----- Exercise data -----
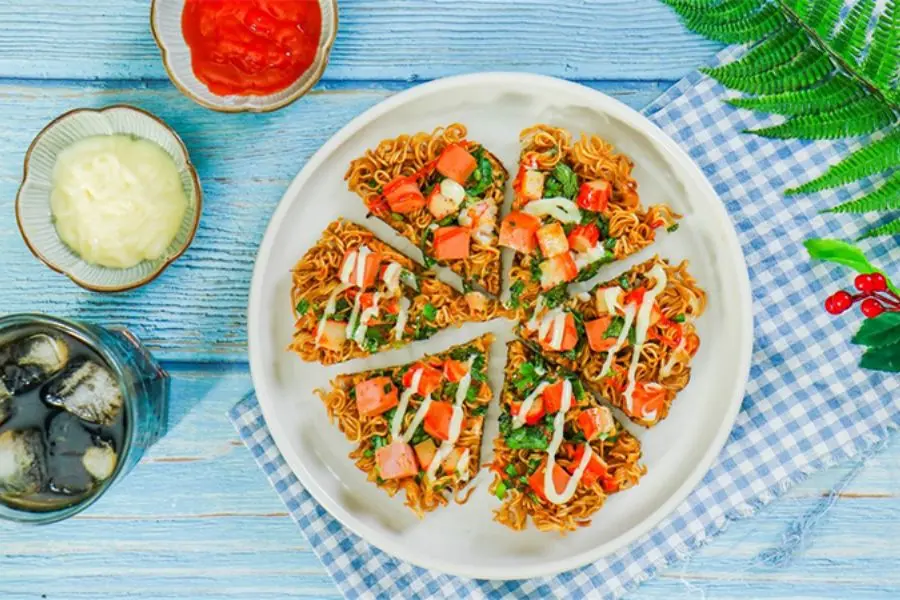 Bánh Pizza từ mì khi hoàn thiện sẽ có lớp đế giòn, phần nhân béo ngậy bắt mắt.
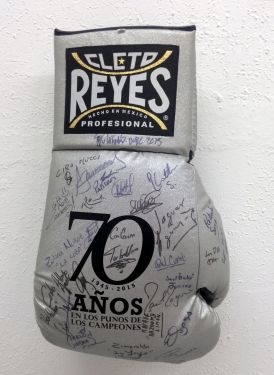 70 años en los puños de los campeones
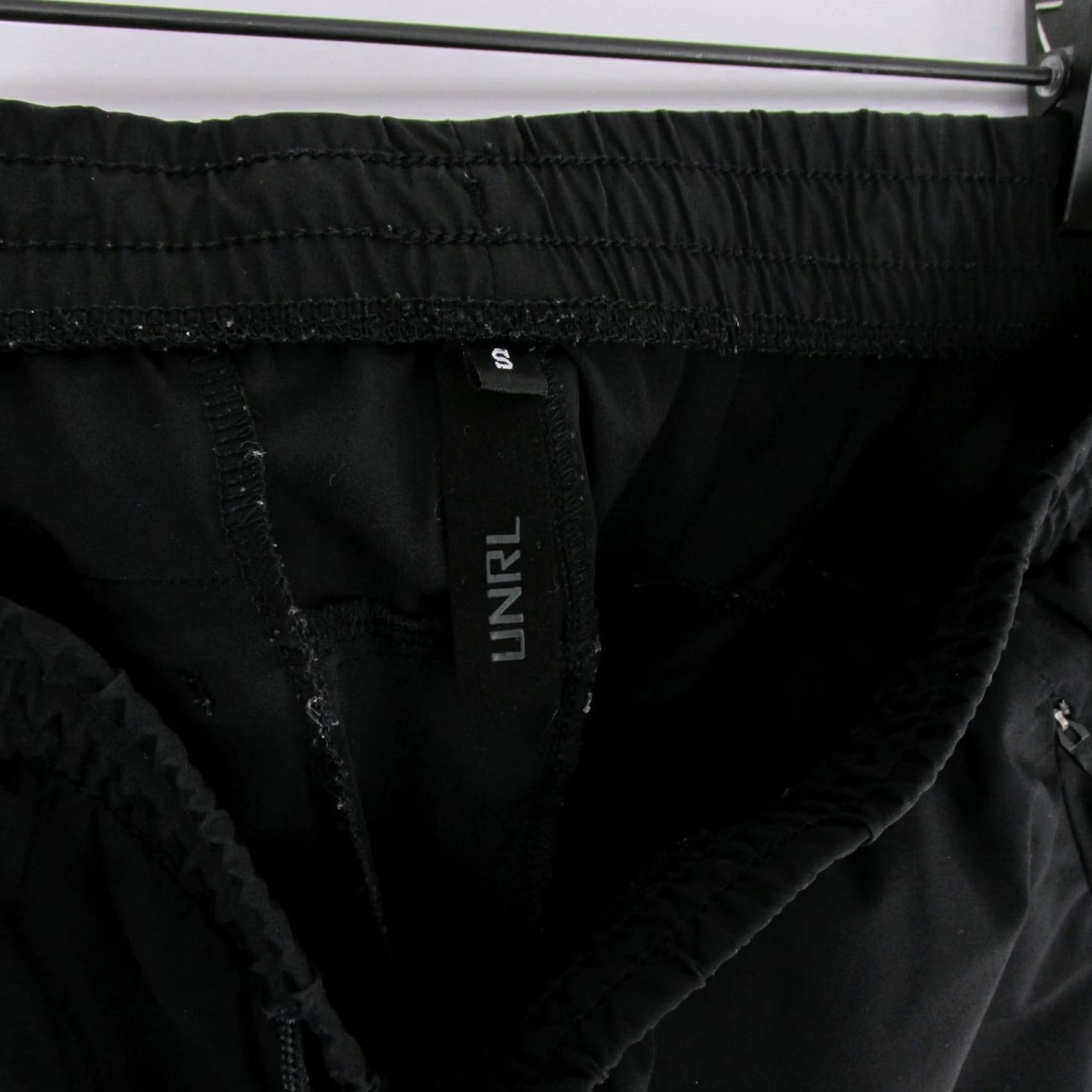 Vintage UNRL In Flex Joggers Mens S Black Zippered Pockets Elastic Waist Drawstring Pants Size US 29 - 7 Thumbnail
-----
The pictures should not be reproduced; quote all of the other material exactly.

▶ [Result for this task]
 Bánh Pizza từ mì khi hoàn thiện sẽ có lớp đế giòn, phần nhân béo ngậy bắt mắt.
 70 años en los puños de los campeones
 Vintage UNRL In Flex Joggers Mens S Black Zippered Pockets Elastic Waist Drawstring Pants Size US 29 - 7 Thumbnail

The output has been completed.